Geniş çalıştaylar yapacaklarını söyleyen Babacan, şunları kaydetti:
“25 yıllık ‘Master Eğitim Planı’ ilan edeceğiz. Bir nesil demek. Biz bir teklif ortaya koyduk; eksikleri tamamlarız, yanlışları düzeltiriz. 25 yıllık Eğitim Master Planımızı, önce 1 yıllık acil eylem planıyla, sonra da 3 yıllık ve 5 yıllık planlarla geliştirmenin hazırlığını yapmış olacağız. DEVA Türkiye’sinde, gelen giden bakana göre değişen bir eğitim sistemi olmayacak. Gelen giden bakanın zihni arka planıyla sınırlandırılmış ve yapboza dönmüş bir eğitim sistemi olmayacak. Ne olacak? İşi bilenlerle, uzmanlarla hazırlanmış, Türkiye’nin ekonomik ve sosyal tüm gerçeklerini gözeten, siyasal ve toplumsal uzlaşmayla hazırlanmış Master Eğitim Planı olacak.”
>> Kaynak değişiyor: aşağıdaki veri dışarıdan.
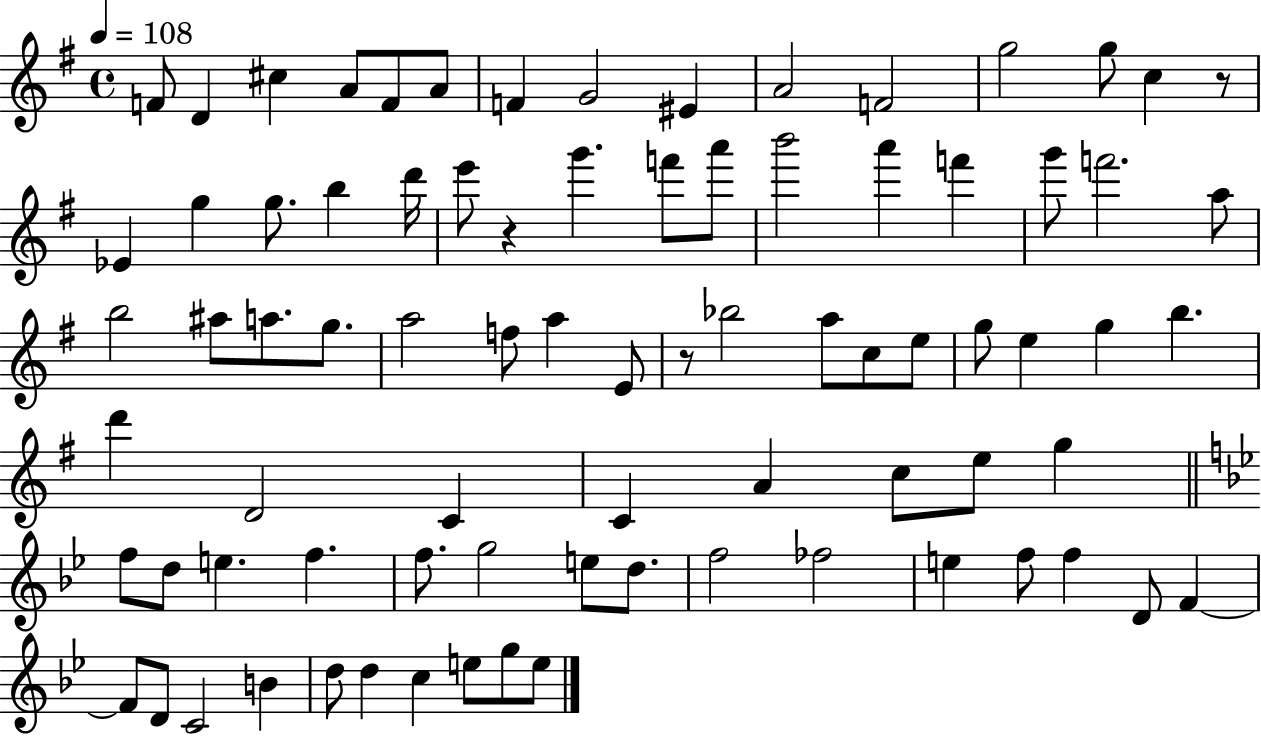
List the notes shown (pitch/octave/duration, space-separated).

F4/e D4/q C#5/q A4/e F4/e A4/e F4/q G4/h EIS4/q A4/h F4/h G5/h G5/e C5/q R/e Eb4/q G5/q G5/e. B5/q D6/s E6/e R/q G6/q. F6/e A6/e B6/h A6/q F6/q G6/e F6/h. A5/e B5/h A#5/e A5/e. G5/e. A5/h F5/e A5/q E4/e R/e Bb5/h A5/e C5/e E5/e G5/e E5/q G5/q B5/q. D6/q D4/h C4/q C4/q A4/q C5/e E5/e G5/q F5/e D5/e E5/q. F5/q. F5/e. G5/h E5/e D5/e. F5/h FES5/h E5/q F5/e F5/q D4/e F4/q F4/e D4/e C4/h B4/q D5/e D5/q C5/q E5/e G5/e E5/e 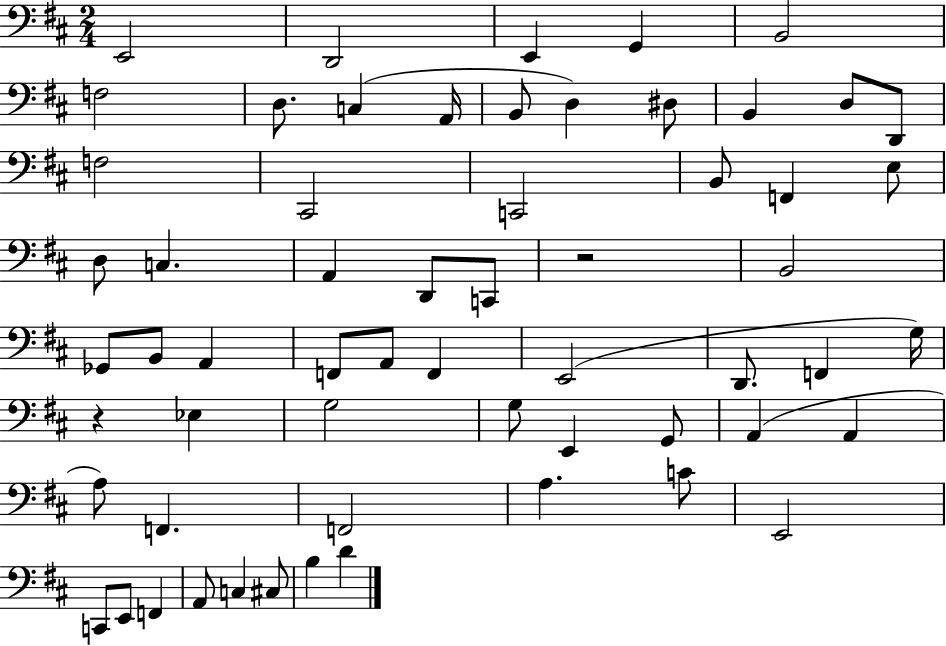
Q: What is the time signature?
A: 2/4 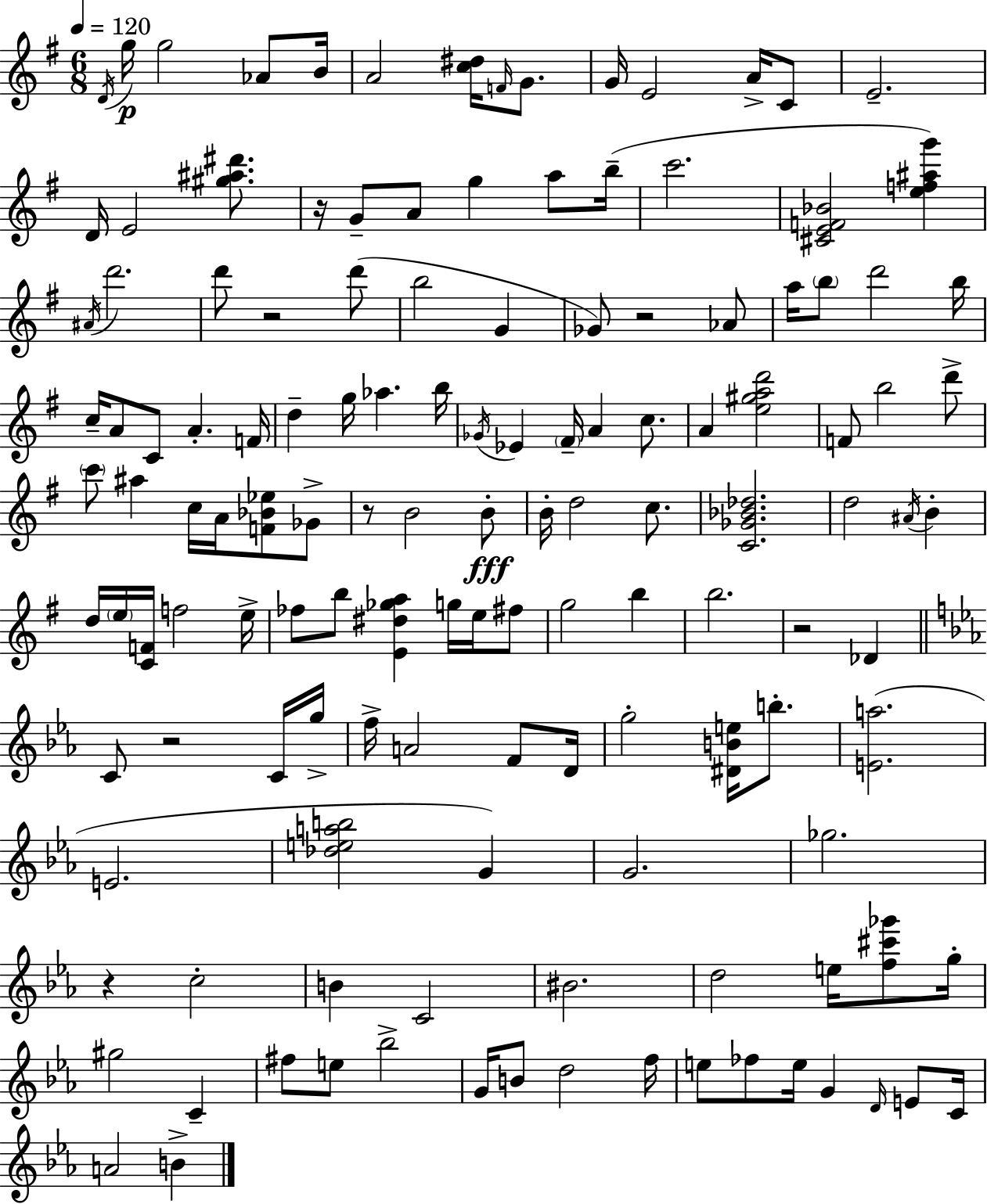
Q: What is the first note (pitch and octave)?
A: D4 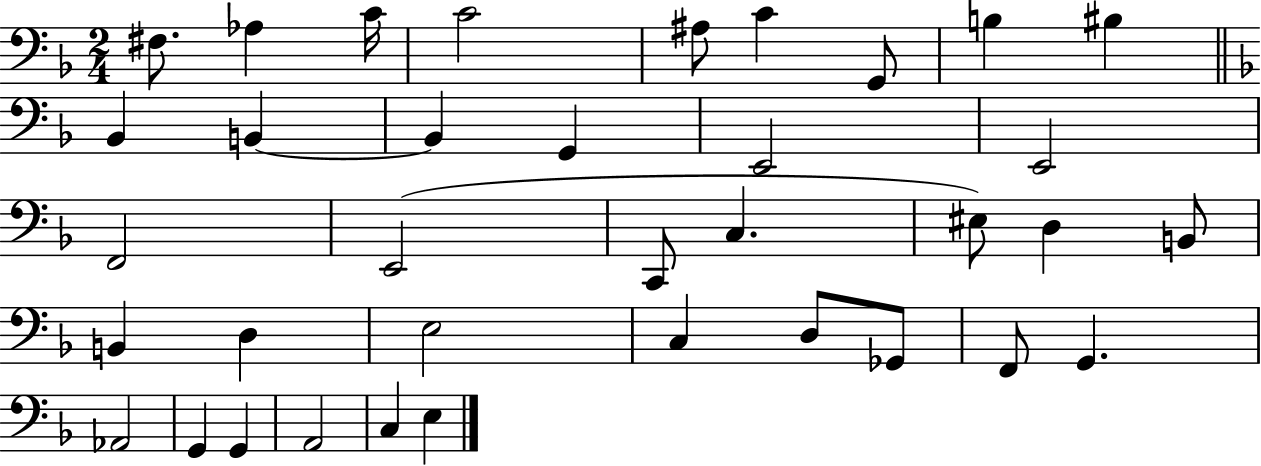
{
  \clef bass
  \numericTimeSignature
  \time 2/4
  \key f \major
  fis8. aes4 c'16 | c'2 | ais8 c'4 g,8 | b4 bis4 | \break \bar "||" \break \key d \minor bes,4 b,4~~ | b,4 g,4 | e,2 | e,2 | \break f,2 | e,2( | c,8 c4. | eis8) d4 b,8 | \break b,4 d4 | e2 | c4 d8 ges,8 | f,8 g,4. | \break aes,2 | g,4 g,4 | a,2 | c4 e4 | \break \bar "|."
} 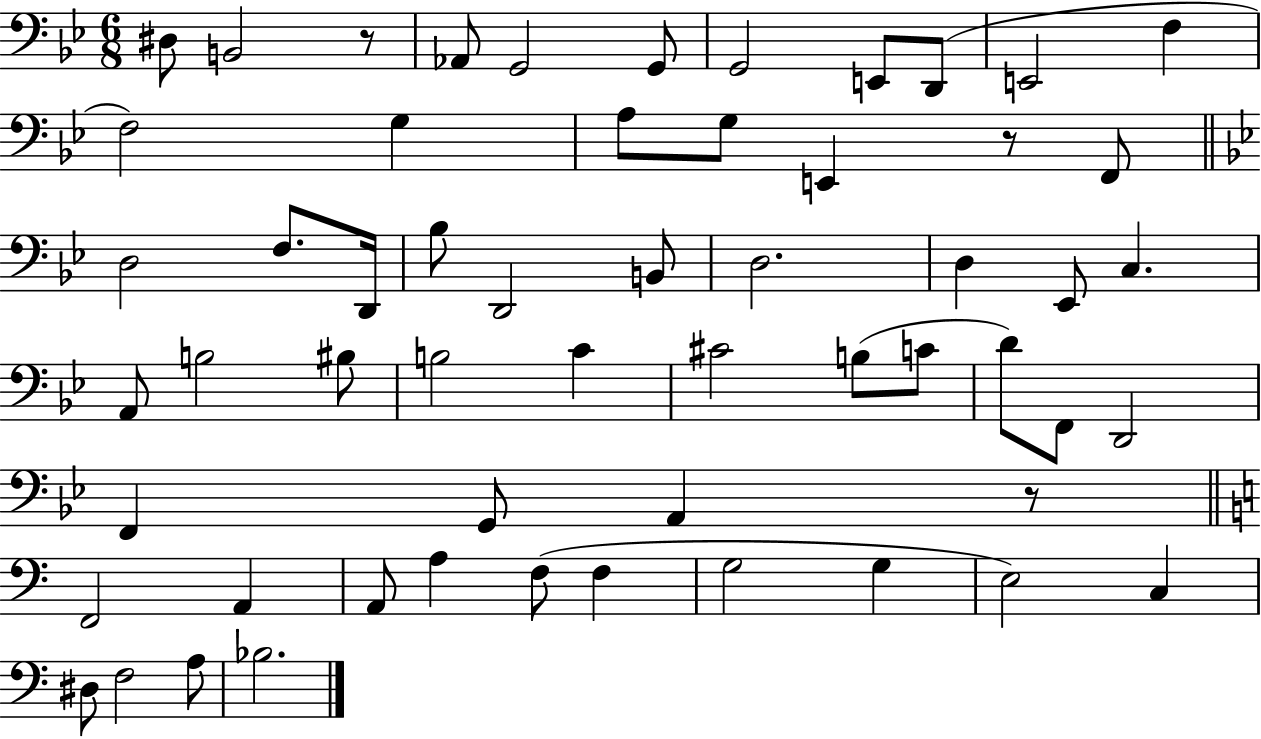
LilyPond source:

{
  \clef bass
  \numericTimeSignature
  \time 6/8
  \key bes \major
  dis8 b,2 r8 | aes,8 g,2 g,8 | g,2 e,8 d,8( | e,2 f4 | \break f2) g4 | a8 g8 e,4 r8 f,8 | \bar "||" \break \key g \minor d2 f8. d,16 | bes8 d,2 b,8 | d2. | d4 ees,8 c4. | \break a,8 b2 bis8 | b2 c'4 | cis'2 b8( c'8 | d'8) f,8 d,2 | \break f,4 g,8 a,4 r8 | \bar "||" \break \key c \major f,2 a,4 | a,8 a4 f8( f4 | g2 g4 | e2) c4 | \break dis8 f2 a8 | bes2. | \bar "|."
} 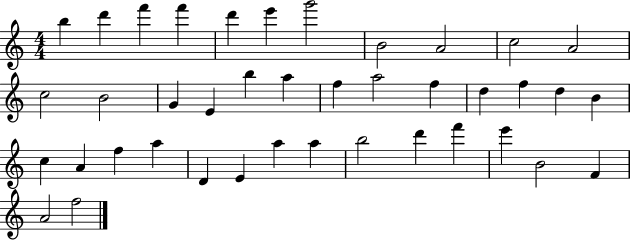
B5/q D6/q F6/q F6/q D6/q E6/q G6/h B4/h A4/h C5/h A4/h C5/h B4/h G4/q E4/q B5/q A5/q F5/q A5/h F5/q D5/q F5/q D5/q B4/q C5/q A4/q F5/q A5/q D4/q E4/q A5/q A5/q B5/h D6/q F6/q E6/q B4/h F4/q A4/h F5/h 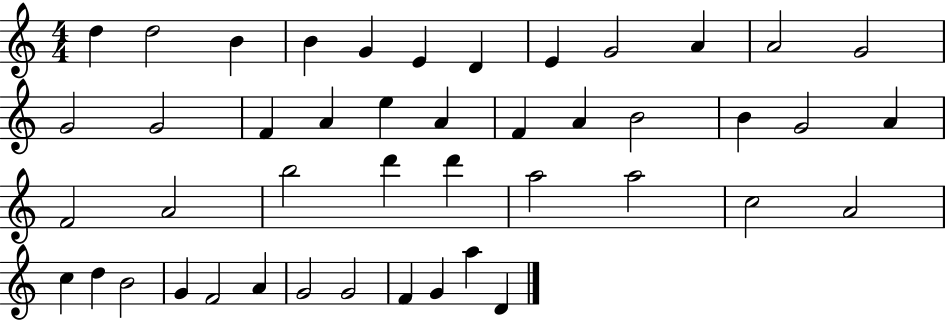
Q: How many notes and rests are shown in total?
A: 45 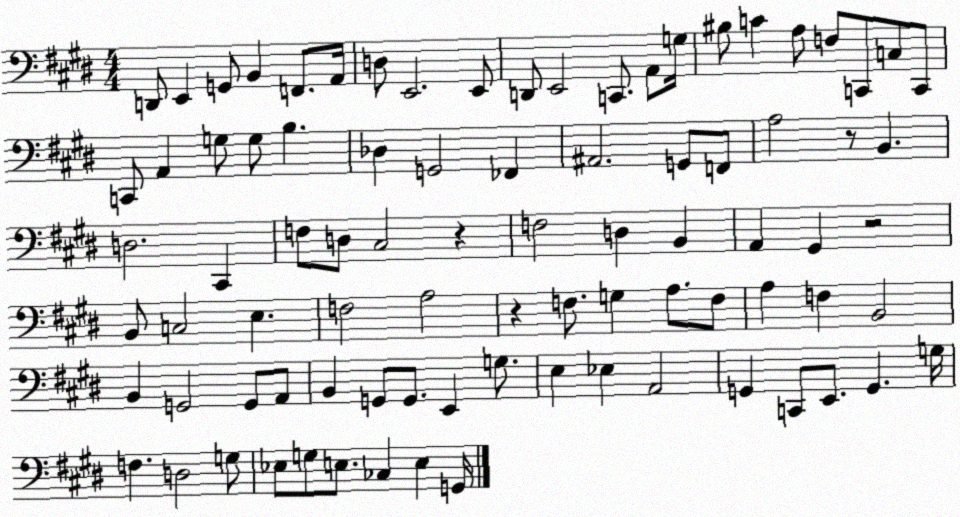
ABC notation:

X:1
T:Untitled
M:4/4
L:1/4
K:E
D,,/2 E,, G,,/2 B,, F,,/2 A,,/4 D,/2 E,,2 E,,/2 D,,/2 E,,2 C,,/2 A,,/2 G,/4 ^B,/2 C A,/2 F,/2 C,,/2 C,/2 C,,/2 C,,/2 A,, G,/2 G,/2 B, _D, G,,2 _F,, ^A,,2 G,,/2 F,,/2 A,2 z/2 B,, D,2 ^C,, F,/2 D,/2 ^C,2 z F,2 D, B,, A,, ^G,, z2 B,,/2 C,2 E, F,2 A,2 z F,/2 G, A,/2 F,/2 A, F, B,,2 B,, G,,2 G,,/2 A,,/2 B,, G,,/2 G,,/2 E,, G,/2 E, _E, A,,2 G,, C,,/2 E,,/2 G,, G,/4 F, D,2 G,/2 _E,/2 G,/2 E,/2 _C, E, G,,/4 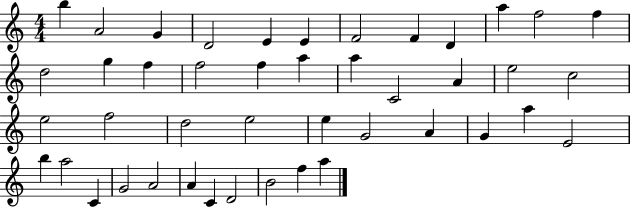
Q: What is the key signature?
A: C major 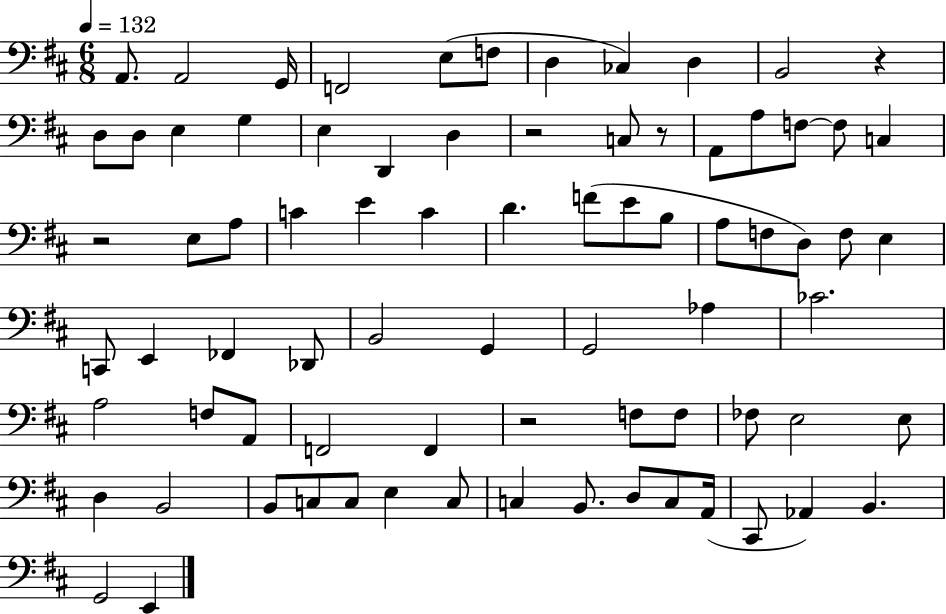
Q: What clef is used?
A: bass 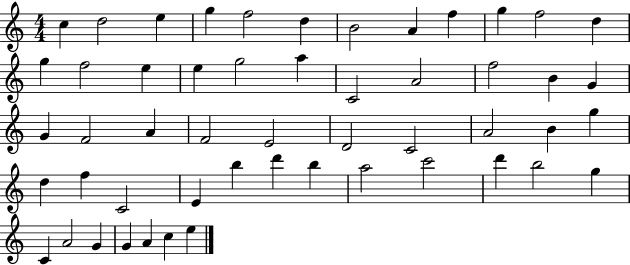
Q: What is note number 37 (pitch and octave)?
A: E4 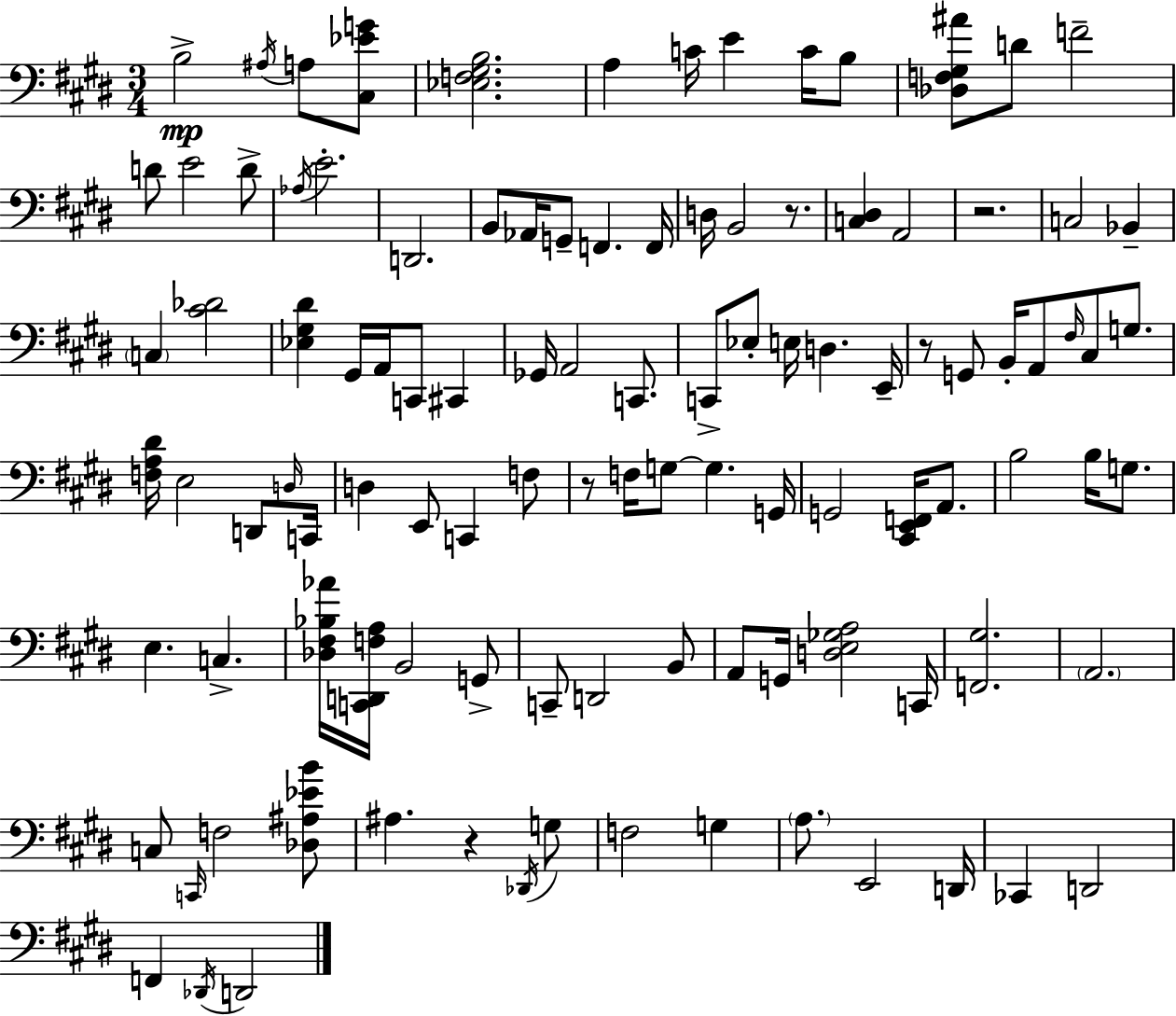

“Okul öncesi eğitimin ilk 2 yılını isteğe bağlı, son 1 yılını zorunlu yapmak istiyoruz”
Babacan, eğitimi 3 yaşında başlatacaklarını belirterek, “Temel eğitim sürecini; okul öncesi 3 yaşında başlattığımız 3 yıl+4+5+3 olarak yeniden yapılandıracağız. Bazı aileler 3 yaşında çocuklarının okula gitmesi konusunda tereddütler varsa, hayhay. Biz, 3 yaşındaki çocukların sünger gibi her şeyi emmeye hazır olduğu yıllarda bazı fırsatları kaçırmadan becerilerini geliştirmelerinin eğitim sistemi açısından daha doğru ve iyi olduğunu düşünüyoruz. Okul öncesi eğitimin ilk 2 yılını isteğe bağlı, şu an anasınıfı dediğimiz son 1 yılını ise zorunlu yapmak istiyoruz. İlk 3 yıl böyle. Ardından 12 yıllık eğitim 4+5+3 olarak devam edecek.” şeklinde konuştu.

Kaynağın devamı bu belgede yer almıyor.